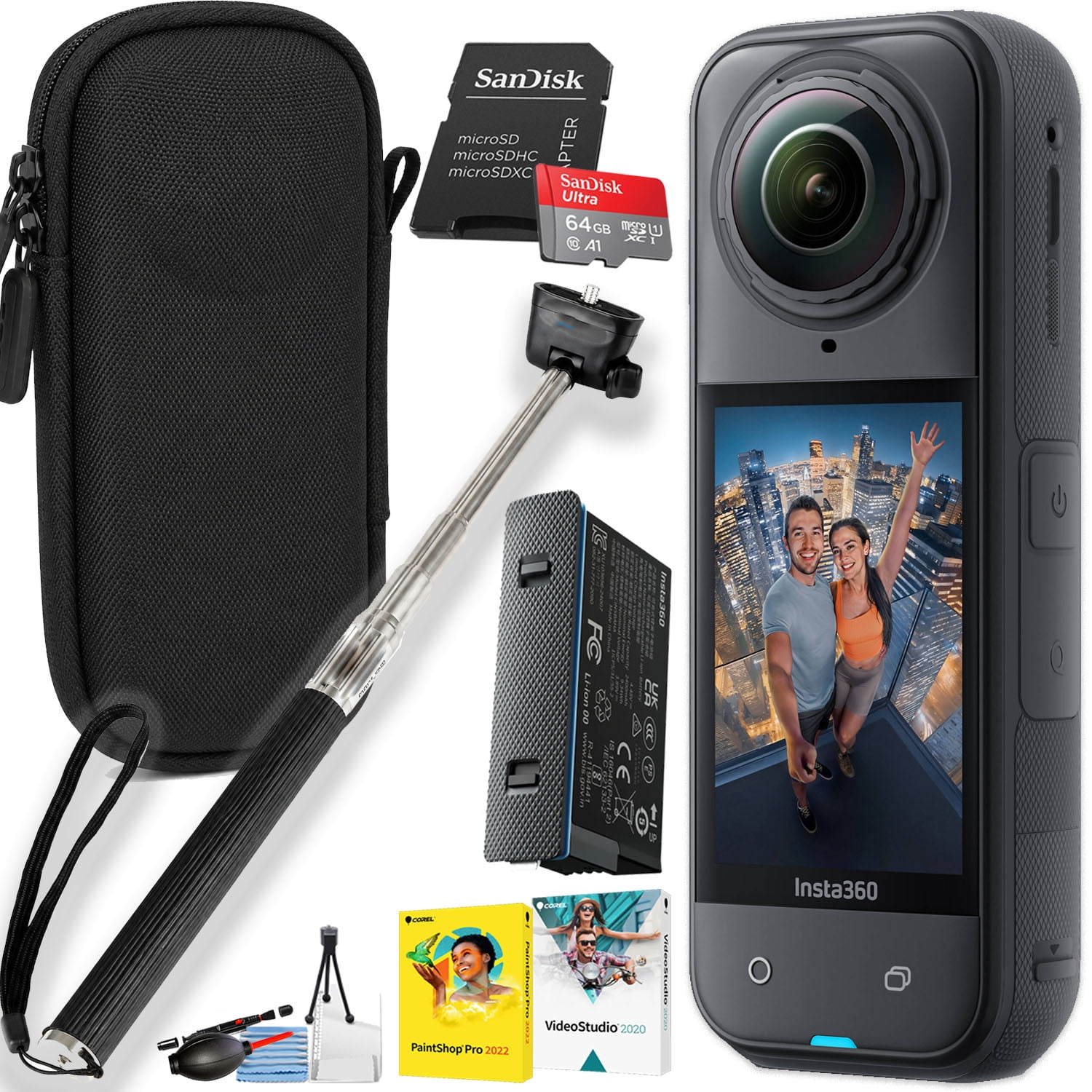 Insta360 X5 360° 8K Action Camera - Waterproof, FlowState Stabilization, Built in Wind Guard, Replaceable Lens + Selfie Stick + 64GB Memory Card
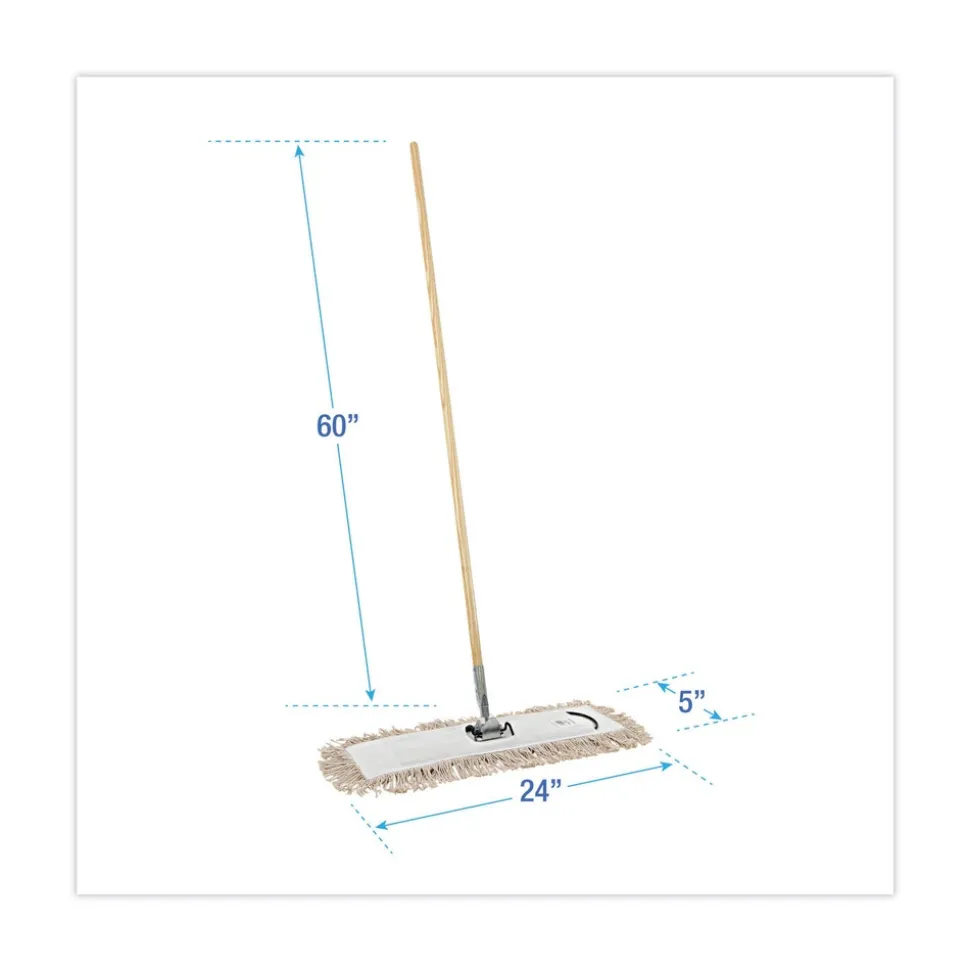 Boardwalk 24 in. x 5 in. Cotton Head 60 in. Wood Handle Cotton Dry Mopping Kit - Natural (1-Kit)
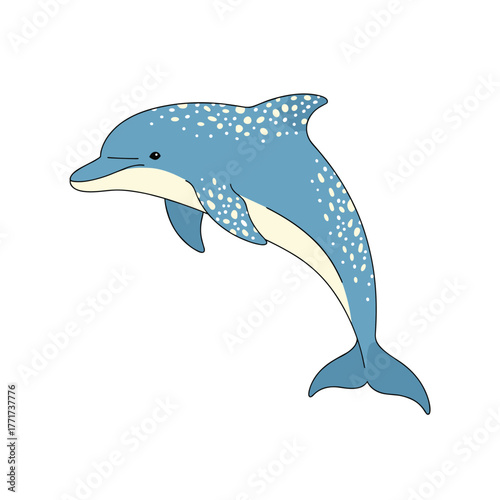 A graceful spotted dolphin leaps with joy, showcasing its distinctive markings against a clean white background.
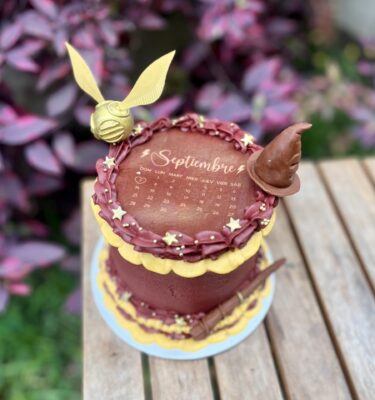 Burncake de harry potter con varita, sombrero seleccionador, snitch dorada, estrellitas, perlas y buttercream.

□ □ □ □ □

● YOUR TASK
The job is to set down the whole listing exactly, excluding any images.

● ANSWER
 Insta360 X5 360° 8K Action Camera - Waterproof, FlowState Stabilization, Built in Wind Guard, Replaceable Lens + Selfie Stick + 64GB Memory Card
 Boardwalk 24 in. x 5 in. Cotton Head 60 in. Wood Handle Cotton Dry Mopping Kit - Natural (1-Kit)
 A graceful spotted dolphin leaps with joy, showcasing its distinctive markings against a clean white background.
 Burncake de harry potter con varita, sombrero seleccionador, snitch dorada, estrellitas, perlas y buttercream.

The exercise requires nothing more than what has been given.